Machine Learning
Linear Classification
Multiclass Classification

Multiclass Classification

Binary classification strictly targets predictions between 00 and 11. When a dataset branches symmetrically into KK distinct classes (where K>2K > 2), the mathematical constraints must dynamically adapt and expand. This architecture is formally known as Multiclass Classification.

Visualizing Multiclass (One-vs-All)

The notes graphically depict an intuitive One-Vs-All (or One-Vs-Rest) classification approach visually represented via a scatter plot consisting of three unique target class shapes: Triangles (Δ\Delta), Circles (oo), and Crosses (xx).

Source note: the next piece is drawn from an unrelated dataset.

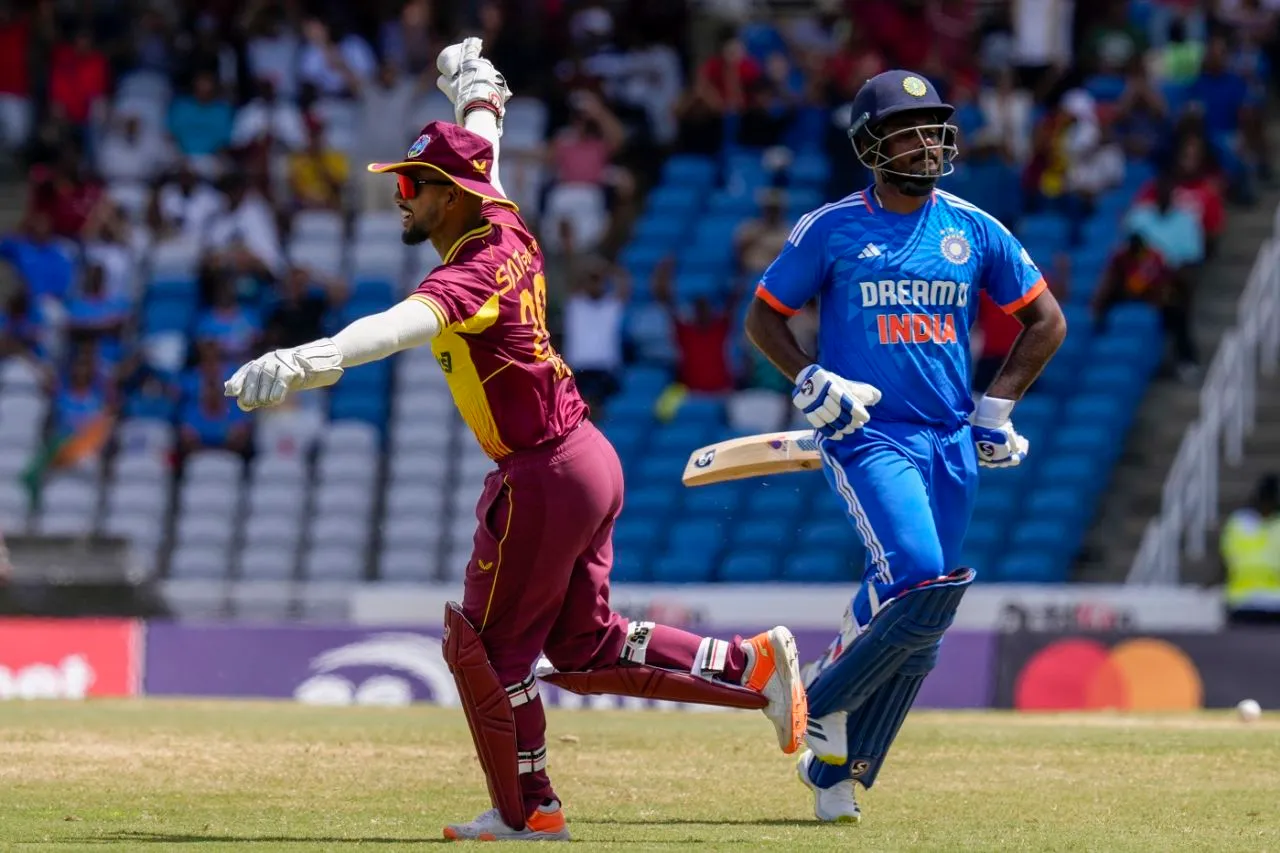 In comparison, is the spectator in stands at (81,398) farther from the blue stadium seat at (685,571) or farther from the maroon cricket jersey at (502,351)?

Instead of drawing a single separating line simultaneously accommodating everything, the algorithm learns structurally to isolate one specific class at a time. For instance, it formulates a unified geometric bounding threshold that specifically subgroups all the Triangles locally (assigning them into Class 11), while mathematically treating both the Circles and Crosses identically as an aggregated collective block (Class 00).

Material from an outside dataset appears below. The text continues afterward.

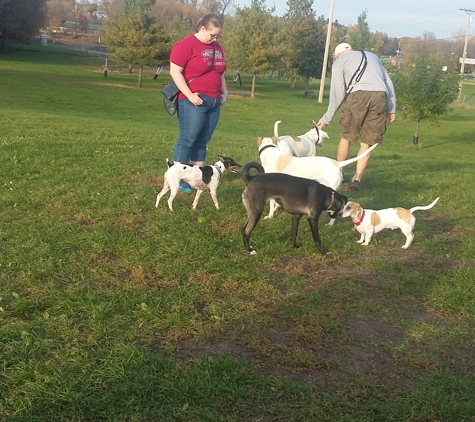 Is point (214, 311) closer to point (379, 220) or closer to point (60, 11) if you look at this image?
point (379, 220)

One-Hot Encoding Target Variables

To handle these independent dimensions algebraically without inferring arbitrary numeric magnitudes between classes, the scalar target label logically transitions into a matrix mapping formulation One-hot encoding. Instead of assigning a naive y=2y=2, the classification belonging uniquely to class 2 out of 3 is represented smoothly via an isolated column vector logically mapping 11:

[010]\begin{bmatrix} 0 \\ 1 \\ 0 \end{bmatrix}

In an expanded dataset spanning model parameters θ0,θ1θn\theta_0, \theta_1 \dots \theta_n aligned alongside features x1xnx_1 \dots x_n, each dimension uniquely acquires internal parameterized numeric boundaries.


The Softmax Function

To gracefully abstract the structural Sigmoid function boundary formula to accommodate flexible multi-class dimensions uniformly, we utilize the mathematically profound Softmax function. Softmax inherently compresses any vector sequence proportionally into a tightly normalized probabilistic density sum bounded perfectly to equal precisely 1.01.0.

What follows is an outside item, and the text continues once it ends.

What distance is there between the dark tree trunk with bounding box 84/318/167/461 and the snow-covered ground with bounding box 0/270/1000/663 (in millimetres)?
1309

The integrated hypothesis fundamentally computes the explicit probability that input variable xx matches exactly to the specific class index ii: h(i)(x)=eθiTxk=1KeθkTxh^{(i)}(x) = \frac{e^{\theta_i^T x}}{\sum_{k=1}^K e^{\theta_k^T x}}

Categorical Cross-Entropy Loss

Since parameters optimize multi-laterally across KK dimensional categories simultaneously, Binary cross-entropy definitions gracefully generalize natively into continuous Categorical Cross-Entropy tracking.

Evaluating mathematically a unified ground truth labeled state index variable vector yy mapped parallel to predicted outputs structurally evaluated as y^=h(x)\hat{y} = h(x), the aggregate algorithmic loss derives identically through the equation series: Loss=k=1Kyklogy^k\text{Loss} = - \sum_{k=1}^K y_k \log \hat{y}_k

Minimizing structurally this combined penalty loss empirically pressures iterative neural algorithmic descents intuitively towards maximally scoring likelihood solely at intersecting identical correct logical matching index dimensions accurately.